(YOUR GOAL) Return the listing verbatim, images left out.

━━━━━ SOURCE MATERIAL

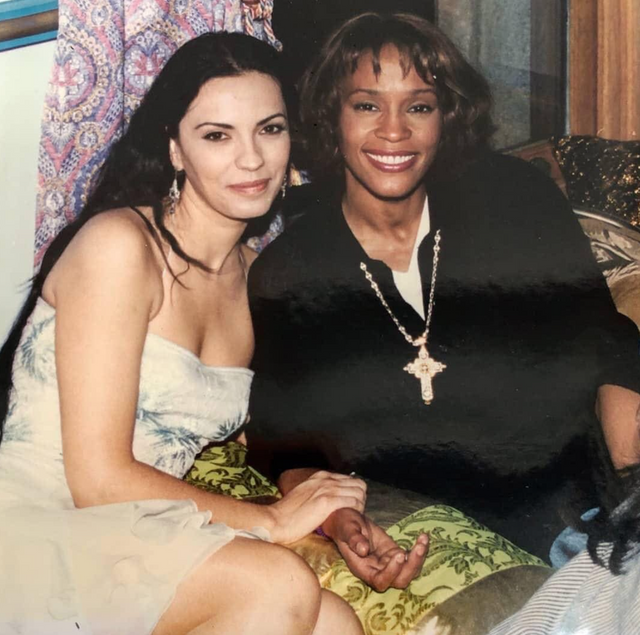 Yeşim Salkım ve Whitney Houston arkadaş çıktı: "Benim gibi aşktan yaktı kendini" - Resim : 1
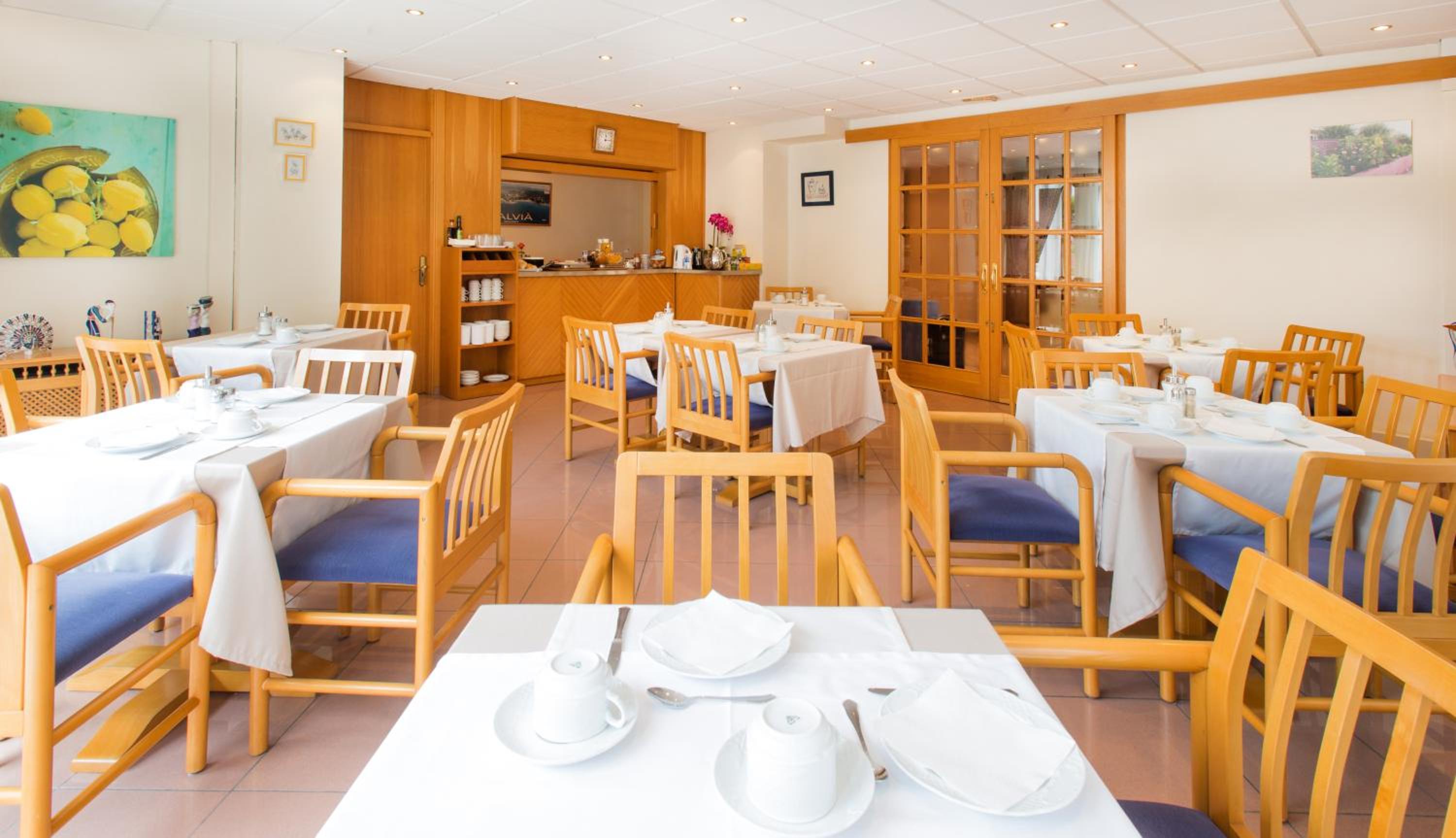 Hostal Residencia Sutimar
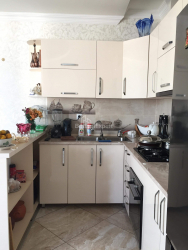 Квартира 2-комн 67 м² - Шалва Інасаридзе, Батумі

━━━━━━━━━━

(REPLY TO THE TASK)
 Yeşim Salkım ve Whitney Houston arkadaş çıktı: "Benim gibi aşktan yaktı kendini" - Resim : 1
 Hostal Residencia Sutimar
 Квартира 2-комн 67 м² - Шалва Інасаридзе, Батумі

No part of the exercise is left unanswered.